(WORK REQUIRED)
What the task requires is an exact printout of the listing below, pictures excluded.

(MATERIAL SHOWN)
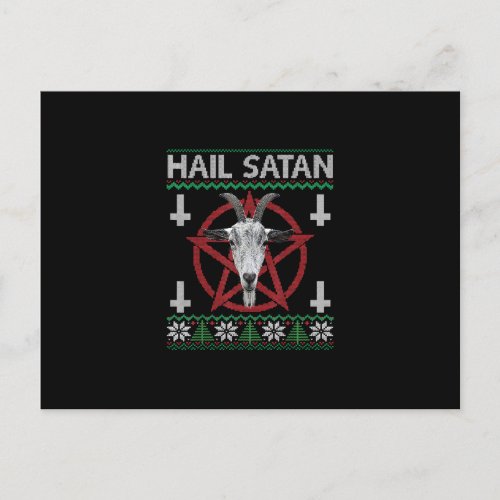 Hail Satan Goat Head Pentagram Funny Satanic Ugly Holiday Postcard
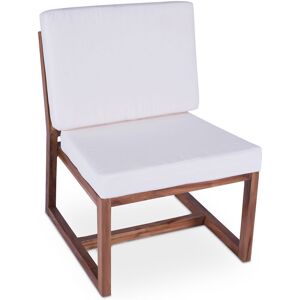 Privatefloor - Wooden Lounge Chair - Boho Bali Style Design Chair - Glan White Teka, Canvas - White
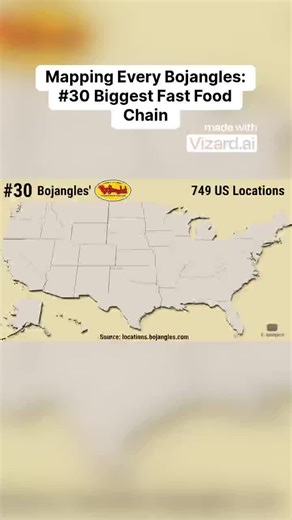 Peering across the US, this map reveals the surprising footprint of the 30th largest fast-food giants. See the exact locations where Bojangles', Whataburger, and Culver's are dominating their regional turf before the countdown hits the top players! Which of these heavy hitters surprised you the most in the lower ranks? #FastFood #Bojangles #Whataburger #Culvers #USAMap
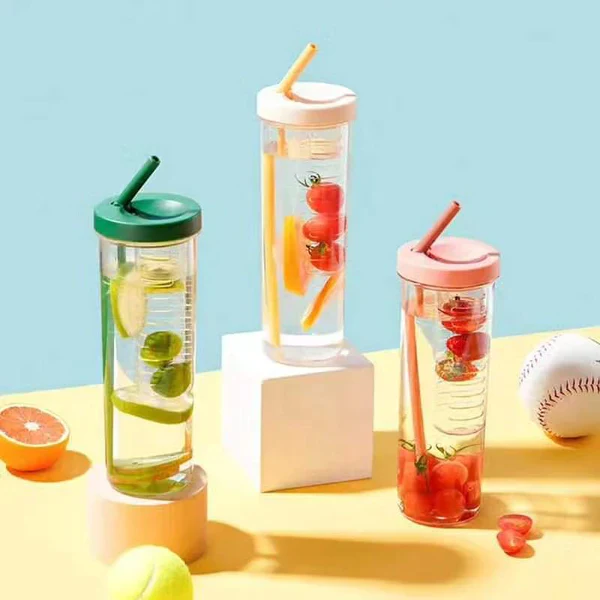 Clear Acrylic 800ml Smoothie Tumbler With Foldable Straw - Image 3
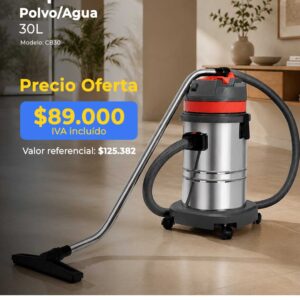 Wet/dry vacuum cleaner on wheels in a living room, advertising a 30L CB30 model with price 89,000 IVA incluido and reference price $125,382.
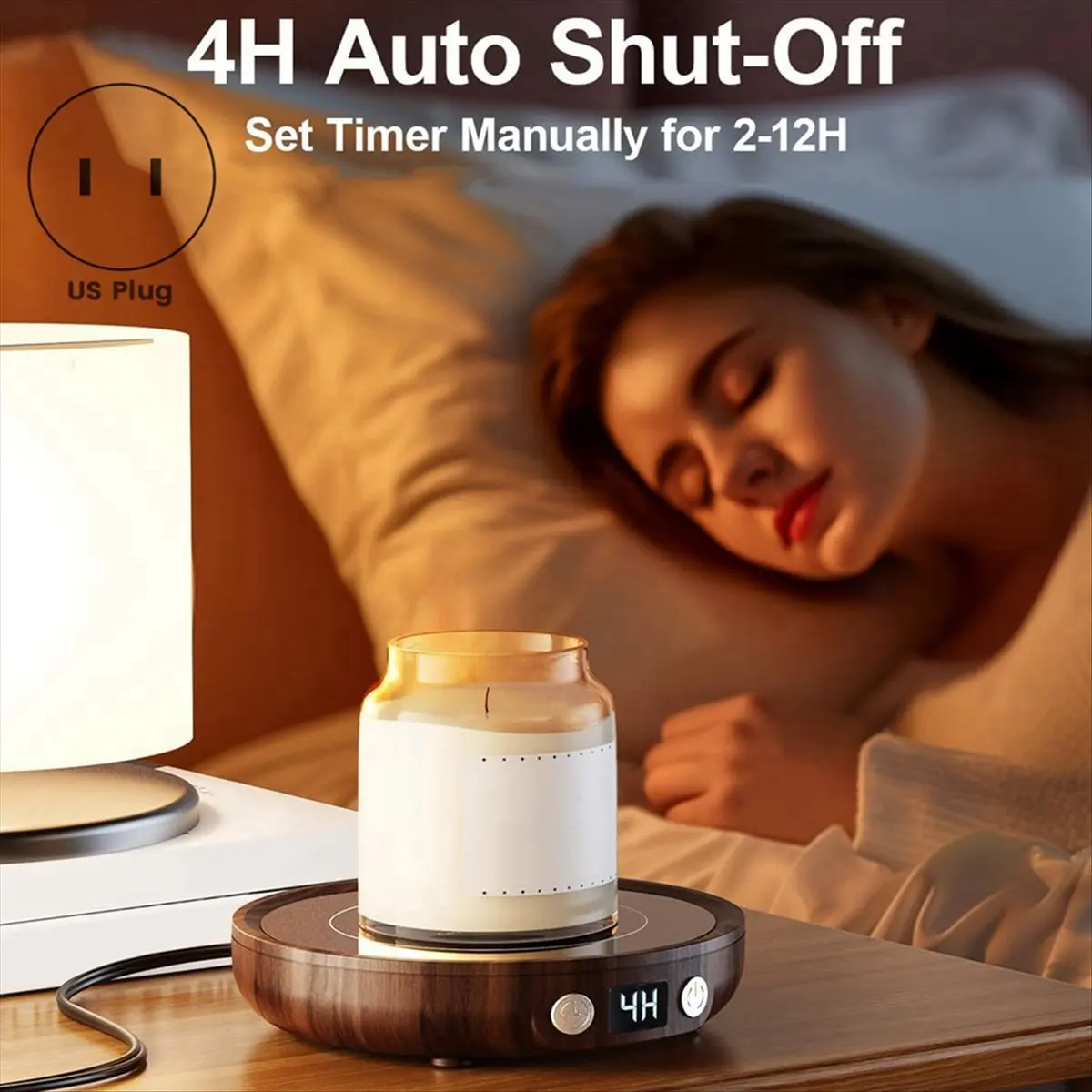 MSOR New Mug Warmers,Coffee Cup Warmers with 3 Temperature Setting Display,Candle Warming Plates,Coffee Accessories US Plug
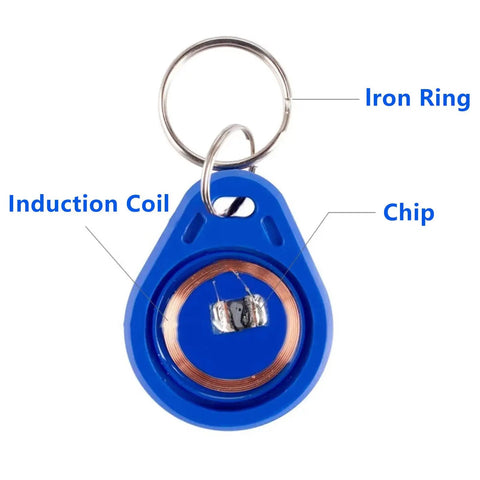 Rewritable 13.56MHz UID Key Fobs Pack Of 100 For Easy Access Control, blue fob showing iron ring, induction coil, and chip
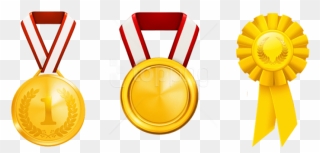 Free Png Download Prizes Honors Set Clipart Png Photo - Gold Medal Badge Vector Transparent Png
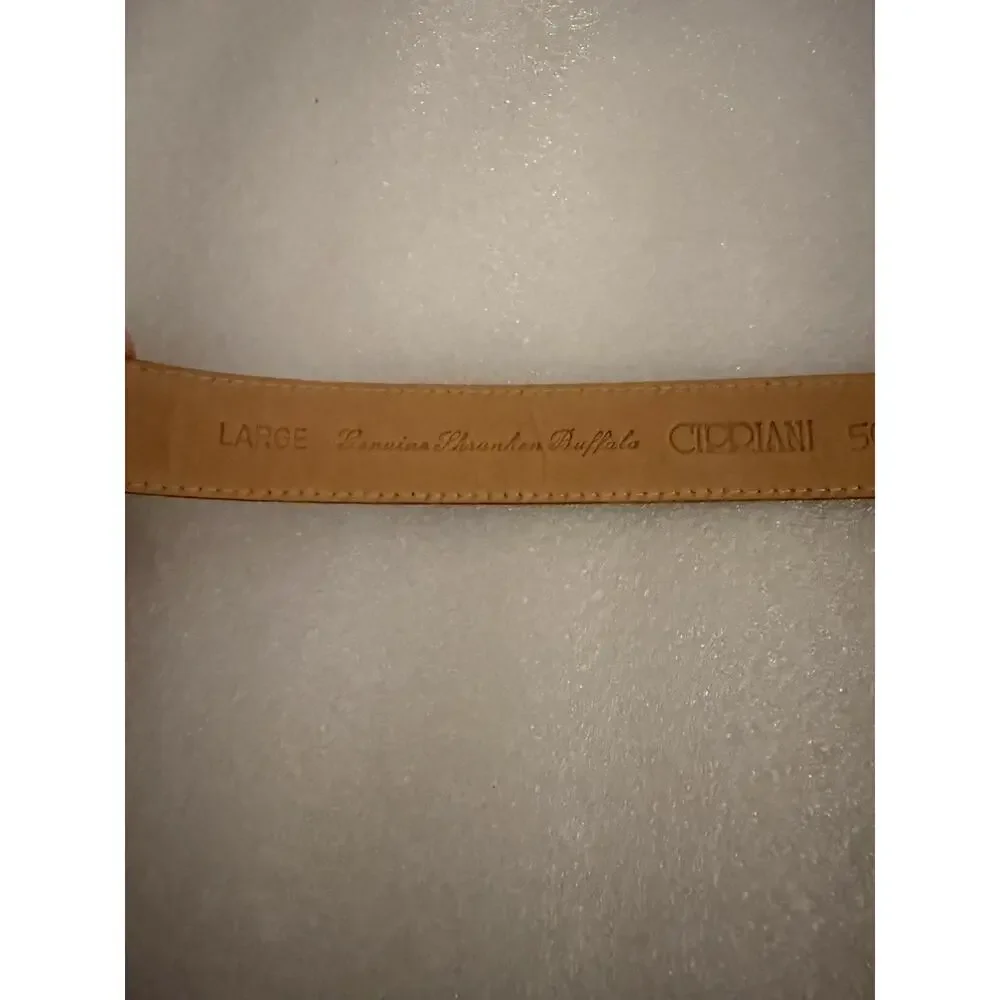 Cipriani Italian Brown Genuine Shrunken Buffalo Leather Belt Saddle Cognac L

(EXERCISE ANSWER)
 Hail Satan Goat Head Pentagram Funny Satanic Ugly Holiday Postcard
 Privatefloor - Wooden Lounge Chair - Boho Bali Style Design Chair - Glan White Teka, Canvas - White
 Peering across the US, this map reveals the surprising footprint of the 30th largest fast-food giants. See the exact locations where Bojangles', Whataburger, and Culver's are dominating their regional turf before the countdown hits the top players! Which of these heavy hitters surprised you the most in the lower ranks? #FastFood #Bojangles #Whataburger #Culvers #USAMap
 Clear Acrylic 800ml Smoothie Tumbler With Foldable Straw - Image 3
 Wet/dry vacuum cleaner on wheels in a living room, advertising a 30L CB30 model with price 89,000 IVA incluido and reference price $125,382.
 MSOR New Mug Warmers,Coffee Cup Warmers with 3 Temperature Setting Display,Candle Warming Plates,Coffee Accessories US Plug
 Rewritable 13.56MHz UID Key Fobs Pack Of 100 For Easy Access Control, blue fob showing iron ring, induction coil, and chip
 Free Png Download Prizes Honors Set Clipart Png Photo - Gold Medal Badge Vector Transparent Png
 Cipriani Italian Brown Genuine Shrunken Buffalo Leather Belt Saddle Cognac L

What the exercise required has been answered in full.